/ 16 September 2005

The outlaws who sold Skype for $3,2bn

A few years ago, Skype co-founders Niklas Zennstrom and Janus Friis were persona non grata in the United States, scared to enter the country in case they were arrested for unleashing file-swapping Kazaa on the internet.

This week, they were glowing in the limelight as they sold their second venture to eBay for $3,2-billion to $4,1-billion, depending on financial results in the next few years. The irony is that the technology that underpins Skype — direct connections between two computers, called peer-to-peer or P2P — is what drives Kazaa and allows millions of people to swap music and video files.

Now, instead of having to base themselves in Luxembourg to avoid the Recording Industry Association of America’s legal threats and accusations that Kazaa has undermined CD sales by allowing copyrighted music to be shared, Zennstrom and Friis were fêted by eBay CEO Meg Whitman.

Skype’s extremely profitable sale had to happen sooner rather than later. While eBay ultimately took it, there has reportedly been interest from Rupert Murdoch’s News Corp; the poster child of internet telephony was too rich a jewel not to be added to someone’s web crown.

Analysts have been puzzled by the size and rationale of the deal, although there were concerns that eBay’s purchase of PayPal three years ago for $1,5-billion was a bad move as it was not their core business. Now PayPal is used by millions of people every day and is close to a $1-billion-a-year business.

Whitman says Skype will add value for buyers and sellers to communicate and increase the level of trust. These buyers and sellers already email each other before concluding transactions, with eBay estimating five million such messages are exchanged every day.

Skype offers a growth opportunity for eBay, which is nearing saturation in the United States where most of its customers are based; while half of Skype’s users are in Europe and only a quarter in the US.

Skype has 52 million registered users that make free calls to each other, and another two million who make paid-for calls to traditional land lines using the SkypeOut service.

Wall Street watchers are crowing that this sale shows that IPOs are back in business, recalling the halcyon days of the dotcom bubble of the late 1990s, or at least Google’s triumphant listing last year.

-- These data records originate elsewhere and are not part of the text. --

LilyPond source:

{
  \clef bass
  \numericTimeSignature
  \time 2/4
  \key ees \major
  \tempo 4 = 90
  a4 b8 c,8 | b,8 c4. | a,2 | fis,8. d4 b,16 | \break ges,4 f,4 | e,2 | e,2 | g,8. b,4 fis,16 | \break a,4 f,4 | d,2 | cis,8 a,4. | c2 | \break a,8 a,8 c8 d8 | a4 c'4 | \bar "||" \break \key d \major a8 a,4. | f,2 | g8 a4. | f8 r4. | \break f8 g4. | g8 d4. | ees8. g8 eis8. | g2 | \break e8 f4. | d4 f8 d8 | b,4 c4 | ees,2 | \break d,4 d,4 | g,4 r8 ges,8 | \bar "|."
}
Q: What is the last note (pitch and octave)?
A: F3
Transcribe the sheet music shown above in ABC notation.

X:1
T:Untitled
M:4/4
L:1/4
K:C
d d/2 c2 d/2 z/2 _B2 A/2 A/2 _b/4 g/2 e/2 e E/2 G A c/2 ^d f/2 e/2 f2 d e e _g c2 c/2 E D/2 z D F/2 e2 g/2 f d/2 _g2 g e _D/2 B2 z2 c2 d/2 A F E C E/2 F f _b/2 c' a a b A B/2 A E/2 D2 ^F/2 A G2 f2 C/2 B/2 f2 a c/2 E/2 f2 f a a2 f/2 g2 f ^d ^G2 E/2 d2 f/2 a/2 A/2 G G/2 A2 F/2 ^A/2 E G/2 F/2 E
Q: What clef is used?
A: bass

Not everyone is thrilled, though. Some Skype users have posted comments fearing their free service might see charges in the near future, or other encumbrances that will decrease its usefulness.

Financially, it hardly seems to make sense.

“This is an incredible price for a company with $60-million of revenue this year. Skype technology does not justify the high price. There are other, far cheaper ways to buy into voice-over-internet technology from wholesale providers,” Rod Hall, of Dresdner Kleinwort Wasserstein, told one British paper.

A South African ICT watcher says, “At the full purchase price you are looking at R500 per subscriber.

“That is a lot to pay even for a cellphone company with massive capital in the ground, or for an ISP with debit orders from each customer. And don’t give me the future-growth story — at least two viable clones already exist and a single slip could see Skype’s customers migrate in a couple of days. A slip like allowing inter-operability. Or a slip like ‘not’ allowing inter-operability. Those dirty little consumers are fickle.”

Either way, it is a success story for two of the internet’s one-time villains and now unlikeliest heroes.